Records: Begin

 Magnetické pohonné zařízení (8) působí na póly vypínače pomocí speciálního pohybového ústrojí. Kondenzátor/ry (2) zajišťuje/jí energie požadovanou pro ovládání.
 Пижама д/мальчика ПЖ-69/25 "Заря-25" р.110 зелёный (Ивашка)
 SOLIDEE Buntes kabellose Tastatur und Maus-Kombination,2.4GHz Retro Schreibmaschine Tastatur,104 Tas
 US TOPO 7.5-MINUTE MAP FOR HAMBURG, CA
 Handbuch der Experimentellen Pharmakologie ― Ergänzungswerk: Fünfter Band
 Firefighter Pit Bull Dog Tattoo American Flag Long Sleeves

Records: End

• _Assignment_: Your answer must be the lines from the one containing "Handbuch der Experimentellen" to the last line of the entries, repeated exactly and with nothing else.

• _Your solution_:
 Handbuch der Experimentellen Pharmakologie ― Ergänzungswerk: Fünfter Band
 Firefighter Pit Bull Dog Tattoo American Flag Long Sleeves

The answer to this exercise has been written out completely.